● **Task details**
Under this line are records; the part from the line containing "Indonesia Sukses Bawa" through the line containing "Wagner: Tannhauser /" should be repeated exactly. Please exclude pictures.

● **Exercise data**
----

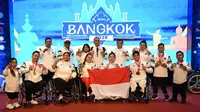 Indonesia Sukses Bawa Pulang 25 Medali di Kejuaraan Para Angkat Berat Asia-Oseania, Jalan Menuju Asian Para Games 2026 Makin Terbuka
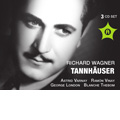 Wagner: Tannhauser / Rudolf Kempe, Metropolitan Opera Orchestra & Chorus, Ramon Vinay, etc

----

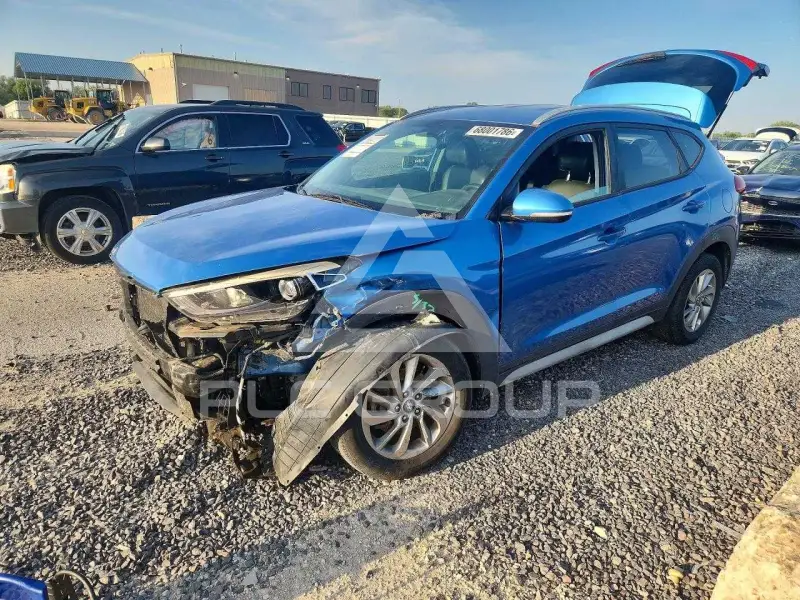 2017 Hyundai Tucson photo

----

● **Exercise result**
 Indonesia Sukses Bawa Pulang 25 Medali di Kejuaraan Para Angkat Berat Asia-Oseania, Jalan Menuju Asian Para Games 2026 Makin Terbuka
 Wagner: Tannhauser / Rudolf Kempe, Metropolitan Opera Orchestra & Chorus, Ramon Vinay, etc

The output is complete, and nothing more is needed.